EXERCISE MATERIAL:
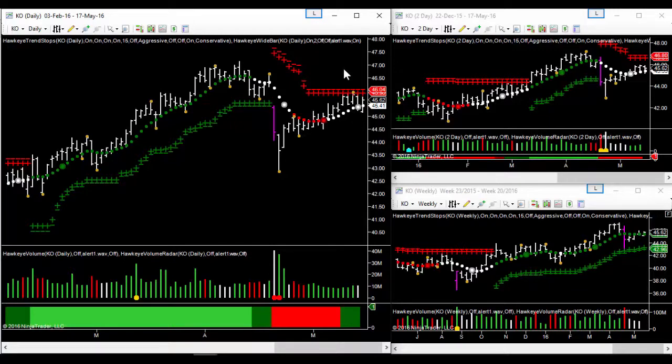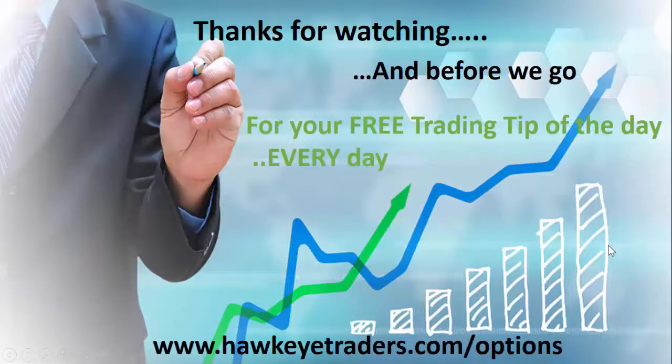Just to try and take advantage of Coke being in congestion. And you can see it's been in congestion on the two-day chart for even longer. The weekly chart still shows that we are in an uptrend, although that uptrend has flattened off considerably. So technically it looks like a range-bound stock, and that is why we're choosing this particular strategy.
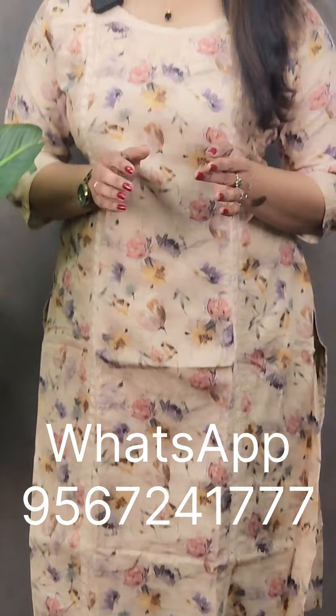This is the fifth and last shade. It is a very bright red shade with a very nice print. It is priced at 1479 with free shipping.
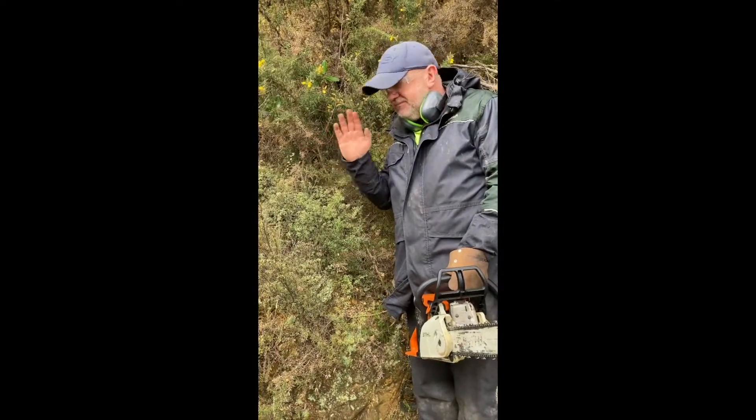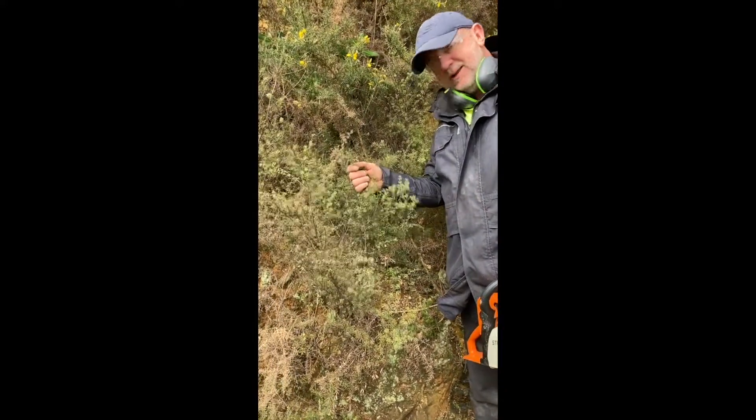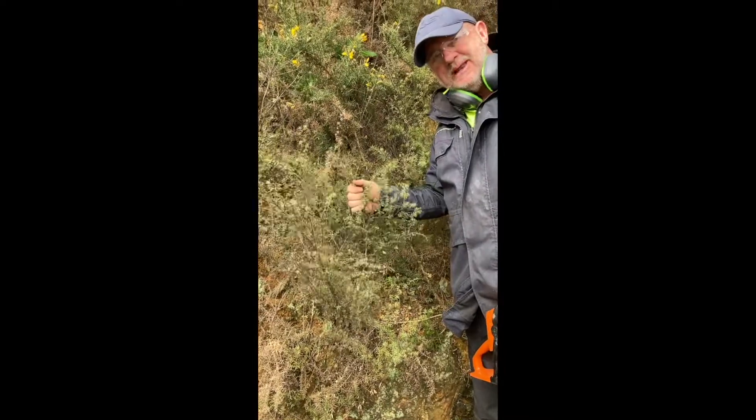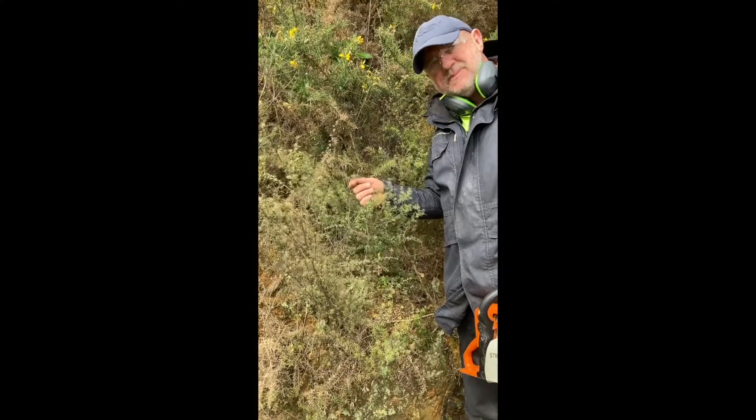So gorse — amazing plant. I just wanted to show you, there's another one here too. This is Manuka, another pioneer species, colonises land where the soils may be poor.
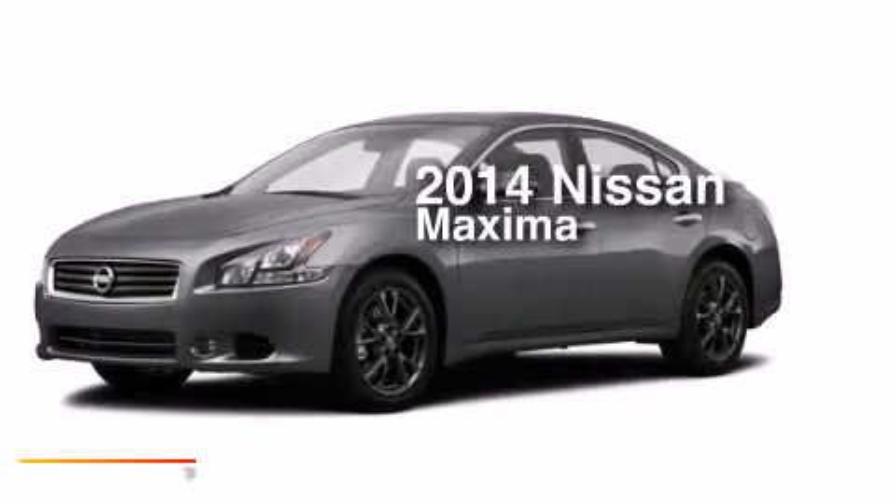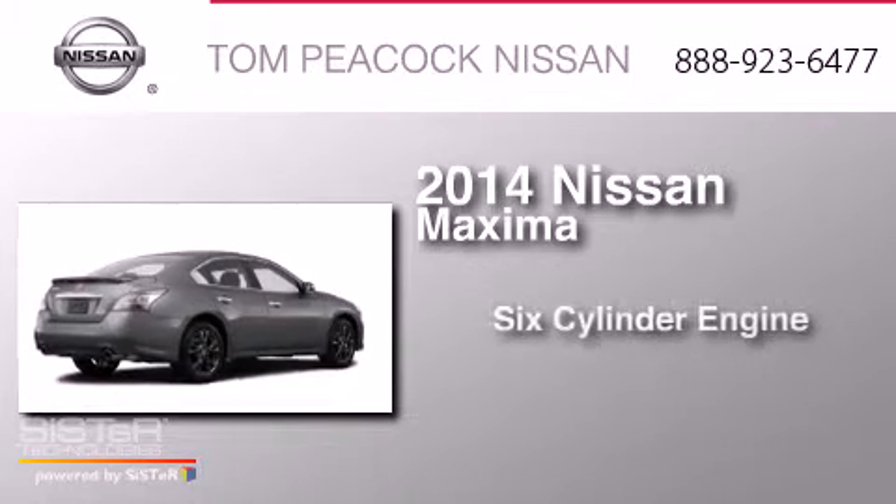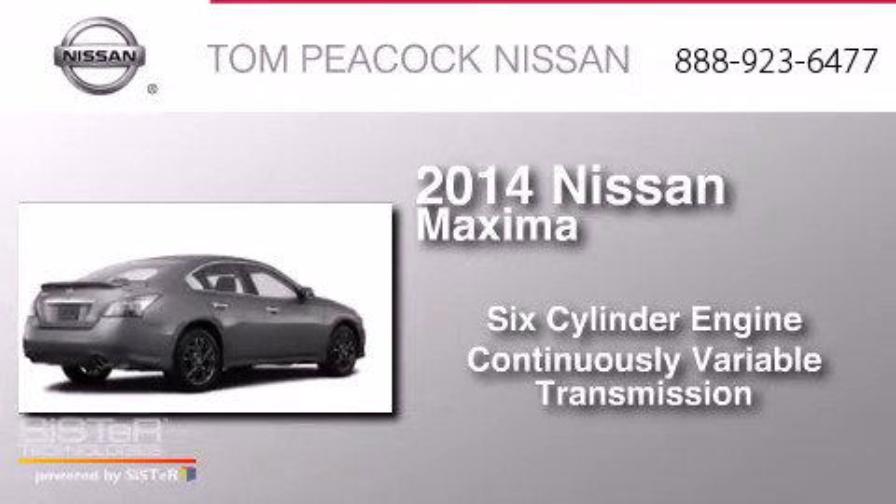This is a brand new 2014 Nissan Maxima. It has a six-cylinder engine and a continuous variable transmission.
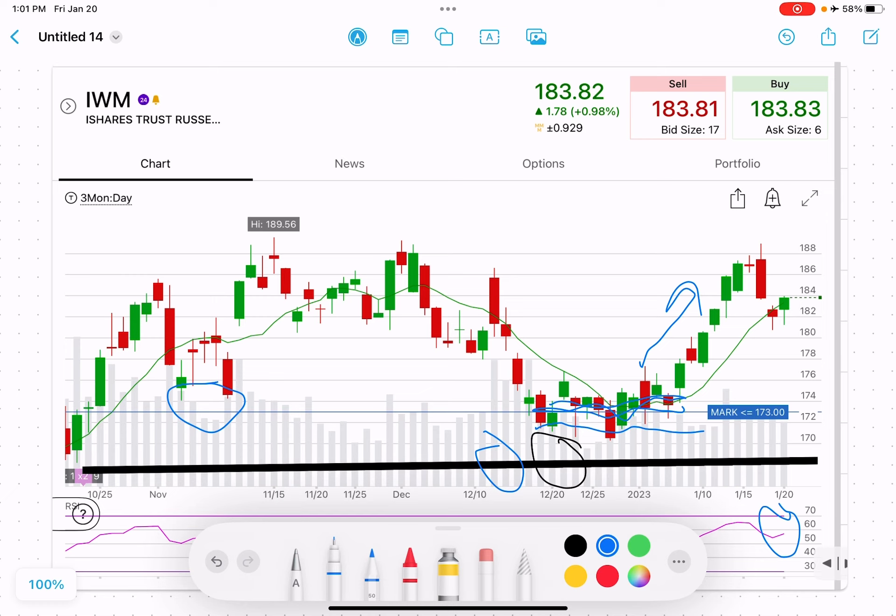I got .27 on that. If you get the full credit, it'll be 27 over 5, so a little over 5% in about a month. If you get .25 or more, I'll take that trade. If you have any questions, let me know in the comments. Happy Friday and happy trading.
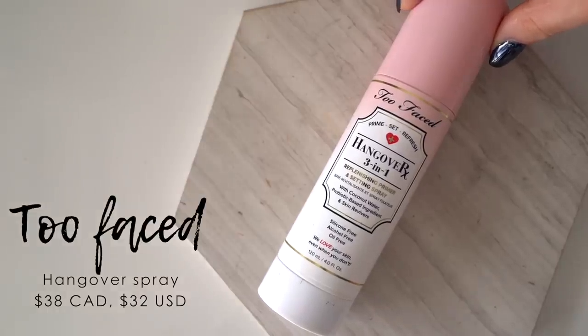Next we've got the Hangover 3-in-1 Replenishing Primer and Setting Spray. There's one very simple reason I don't like it: it makes my skin feel sticky and tacky when I apply it. You could look at that as a good thing for a primer, since stickier sprays can help foundation adhere better. But for me, the sensation was so uncomfortable it's just not worth it — it literally made my skin feel tight because it was so sticky. There are other setting sprays I use all the time that prep my face, set my makeup, and don't make my skin feel sticky — they actually make it feel hydrated.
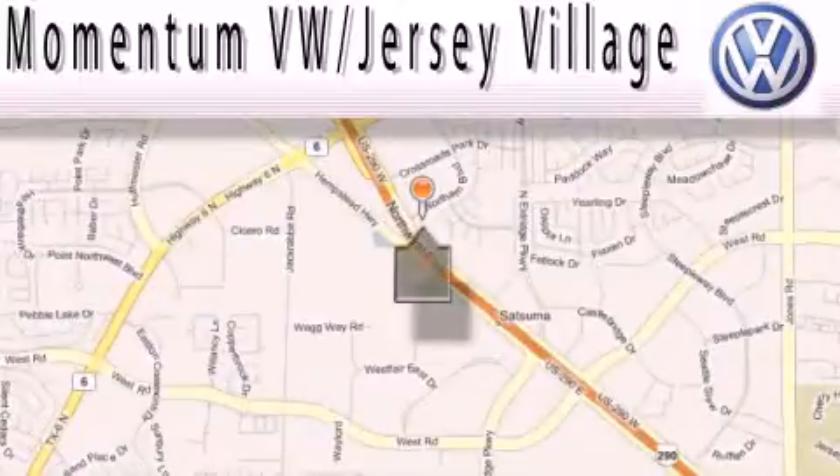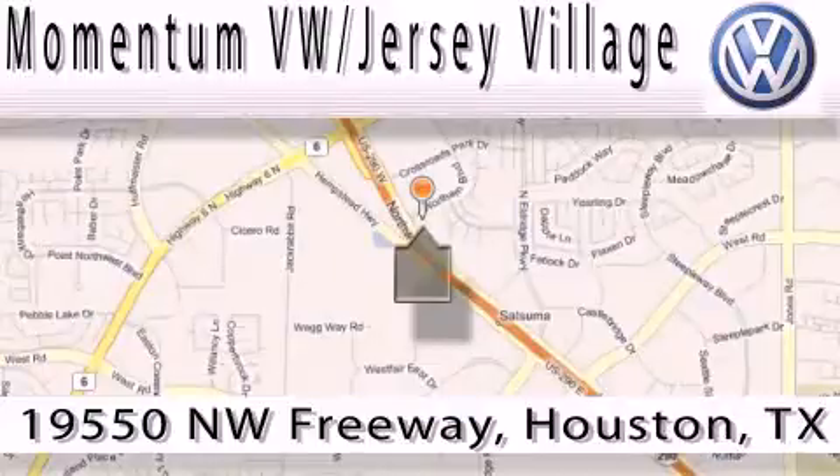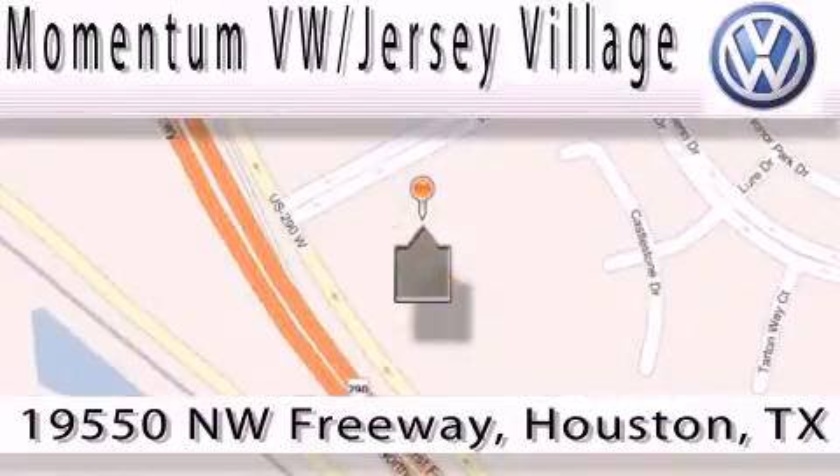Extreme low pressure sales, extreme friendliness, and extreme fair pricing — that's Volkswagen of Jersey Village, a proud member of the largest dealer chain in Houston. Contact our internet department today or stop on by. We're easy to find. Just take 290 West to the Eldridge Parkway exit.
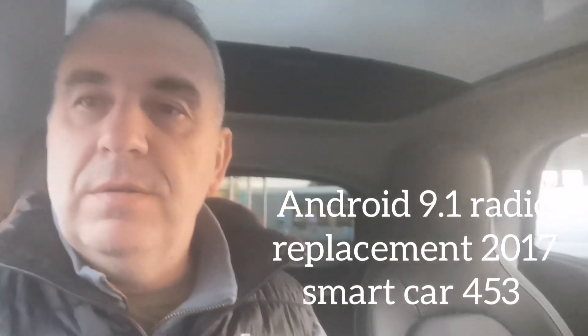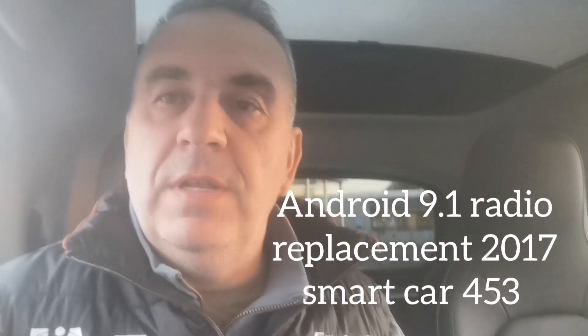Greetings everyone! Today I've got a new Android stereo fitting into the Smart Car, into the 2017 453 turbo. We'll have a look at that and see what you all think.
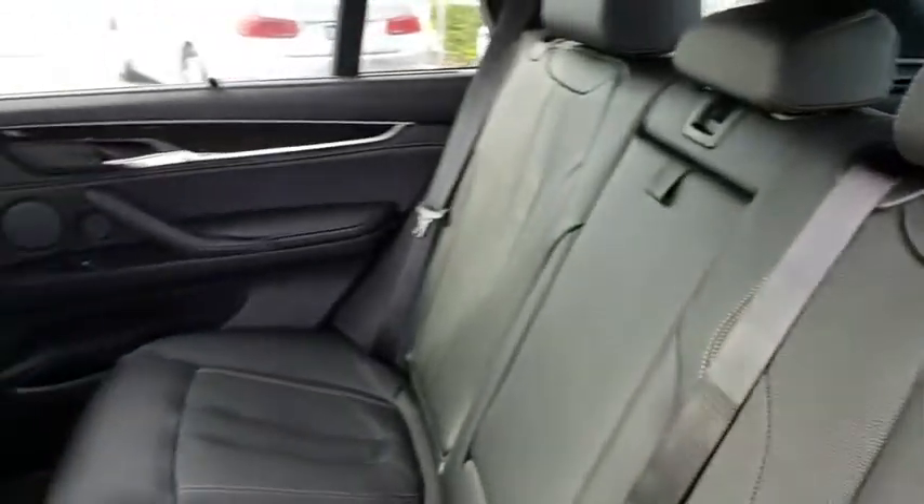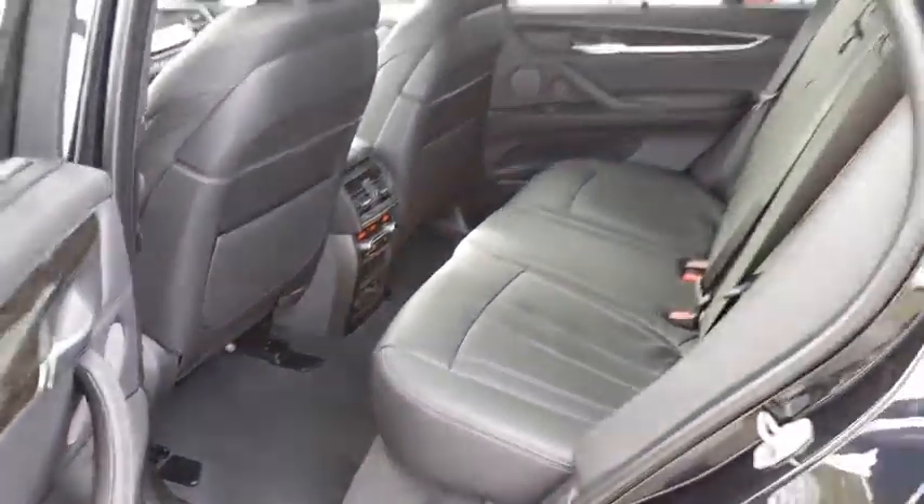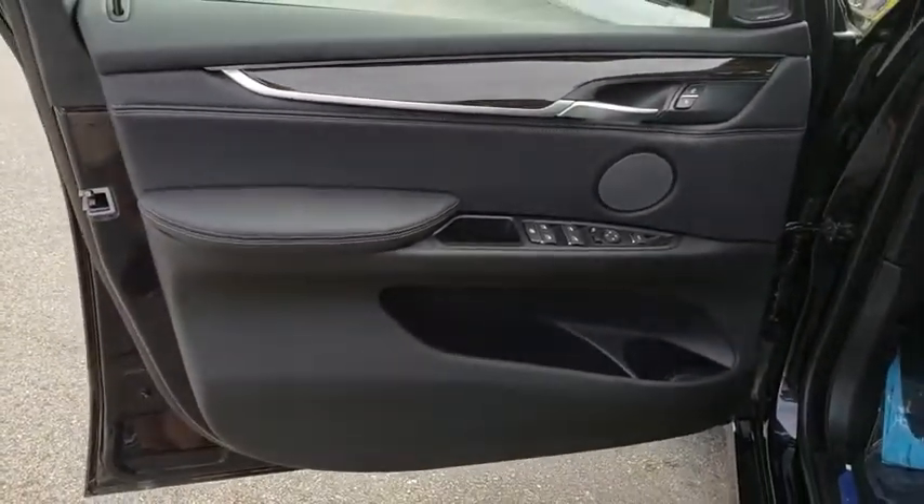Leather-wrapped steering wheel, Bluetooth, adjustable steering wheel, power steering, keyless start, auto-dimming rear-view mirror, aluminum wheels, cruise control, hard disk drive media storage.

HOW TO COMPLETE THIS TASK: Please give back the data above word for word, with no pictures included.

SOLUTION:
Just to try and take advantage of Coke being in congestion. And you can see it's been in congestion on the two-day chart for even longer. The weekly chart still shows that we are in an uptrend, although that uptrend has flattened off considerably. So technically it looks like a range-bound stock, and that is why we're choosing this particular strategy.
This is the fifth and last shade. It is a very bright red shade with a very nice print. It is priced at 1479 with free shipping.
So gorse — amazing plant. I just wanted to show you, there's another one here too. This is Manuka, another pioneer species, colonises land where the soils may be poor.
This is a brand new 2014 Nissan Maxima. It has a six-cylinder engine and a continuous variable transmission.
I got .27 on that. If you get the full credit, it'll be 27 over 5, so a little over 5% in about a month. If you get .25 or more, I'll take that trade. If you have any questions, let me know in the comments. Happy Friday and happy trading.
Next we've got the Hangover 3-in-1 Replenishing Primer and Setting Spray. There's one very simple reason I don't like it: it makes my skin feel sticky and tacky when I apply it. You could look at that as a good thing for a primer, since stickier sprays can help foundation adhere better. But for me, the sensation was so uncomfortable it's just not worth it — it literally made my skin feel tight because it was so sticky. There are other setting sprays I use all the time that prep my face, set my makeup, and don't make my skin feel sticky — they actually make it feel hydrated.
Extreme low pressure sales, extreme friendliness, and extreme fair pricing — that's Volkswagen of Jersey Village, a proud member of the largest dealer chain in Houston. Contact our internet department today or stop on by. We're easy to find. Just take 290 West to the Eldridge Parkway exit.
Greetings everyone! Today I've got a new Android stereo fitting into the Smart Car, into the 2017 453 turbo. We'll have a look at that and see what you all think.
Leather-wrapped steering wheel, Bluetooth, adjustable steering wheel, power steering, keyless start, auto-dimming rear-view mirror, aluminum wheels, cruise control, hard disk drive media storage.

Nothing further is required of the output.